The first item comes from cnbc.com. There was a new poll that CNBC did this reporting on. It was a CNBC Survey Monkey small business survey, and it was about minimum wage. And you know what was found? It found that 61% of the 3,000 small business owners supported raising the minimum wage in their state, even while half of them, exactly 50%, believed it would make it difficult to afford the workers critical to their business. It is a very interesting paradox. And you know what? I kind of get that paradox. I mean, we all want our workers to be paid a fair wage. We understand that. And we also all think that a minimum wage, though, if it's hiked too far, could have a significant impact on the way we do business.

But I think I have a reason why this paradox does exist. And it's this: In most states, regardless of what the minimum wage is, most employers pay more than the minimum wage. That's what I'm saying. I mean, listen, there are more than half of the states in this country, or about half of the states in this country, that are still adhering to the federal minimum wage is $7.25 an hour. I live in a state like that in Pennsylvania. And let me tell you something. I don't know any clients of mine who are paying their workers $7.25 an hour. It is in most of the times, if not all the time, a lot more than that. In fact, I don't even know who pays $7.25 an hour anymore, unless it's a high school kid working for like a swimming pool during the summer. And even then, it tends to be a little bit higher. So, I kind of get it when a lot of business owners, 60% of them say, hey, we do support raising the minimum wage. I think the reason why is because they're already paying more than the minimum wage.

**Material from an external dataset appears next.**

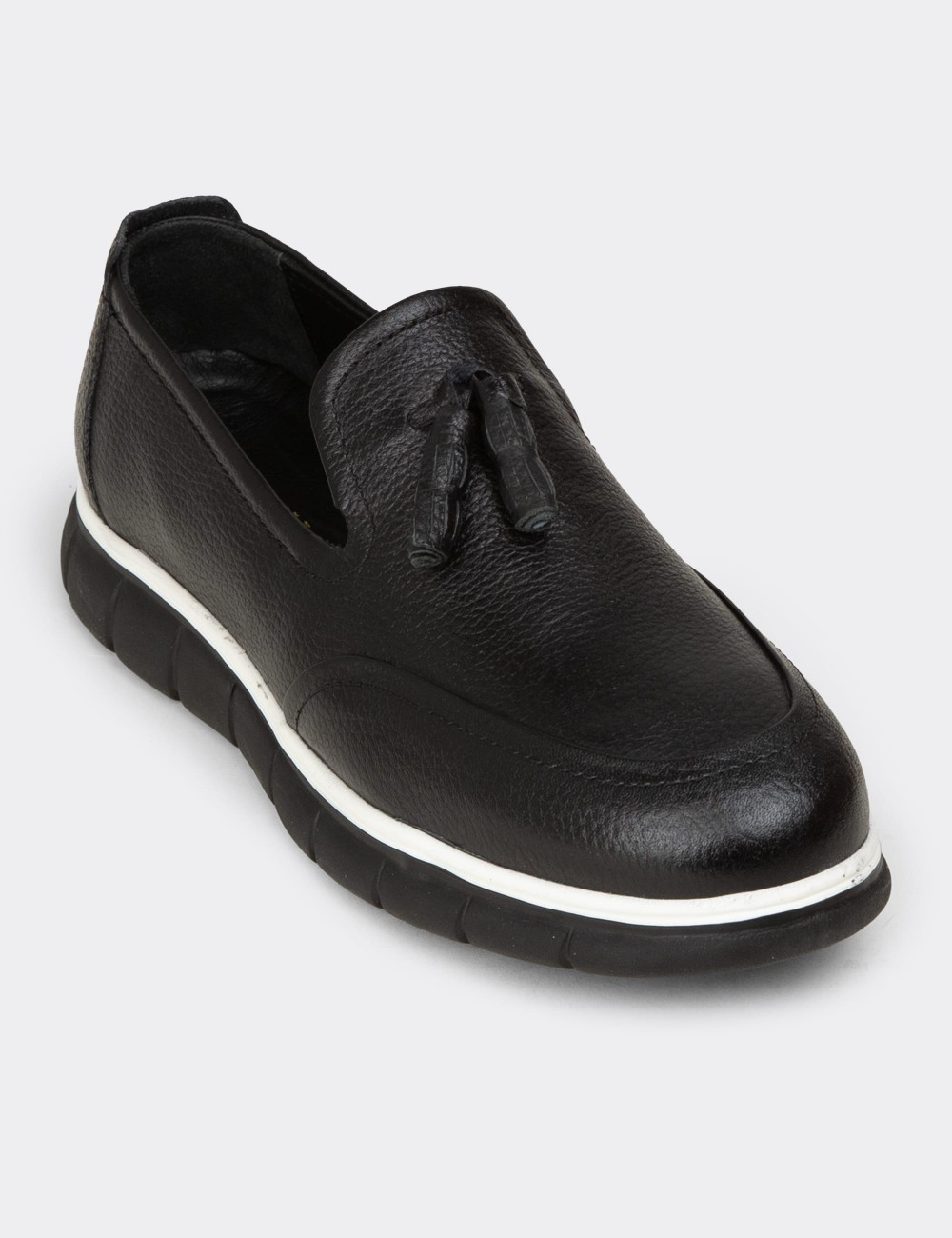 Erkek Hakiki Deri Siyah Püsküllü Loafer - 02048MSYHE02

So, they're like, yeah, we're doing that. So, we would support that there would be a raise to the minimum wage. But I think what they're also saying is that there is a limit. Obviously, if you're paying your workers $12 an hour, $13 an hour, and then the state minimum wage goes up to 15 or $16 an hour, that obviously has a negative impact on you. And that could be a problem. Minimum wages continues to be, like a major issue, and it's a major debate point as well. I have written about this and talked about this for years. There are numerous studies that I can point you to that show that an increase in the minimum wage harms businesses. And I can also point you to numerous studies that say an increase in the minimum wage has no impact on businesses either. So, it really continues to be a debatable thing. It depends on the business, depends on the region, depends on the business owner, and how they manage their business. But the bottom line is this: You can tell small businesses are very mixed about minimum wage increases. But again, even though 60% of them say they would support a minimum wage increase, I still believe it's because many of them are already paying more than the minimum wage. And that is why it is. Not quite sure how you feel, but that's how I feel.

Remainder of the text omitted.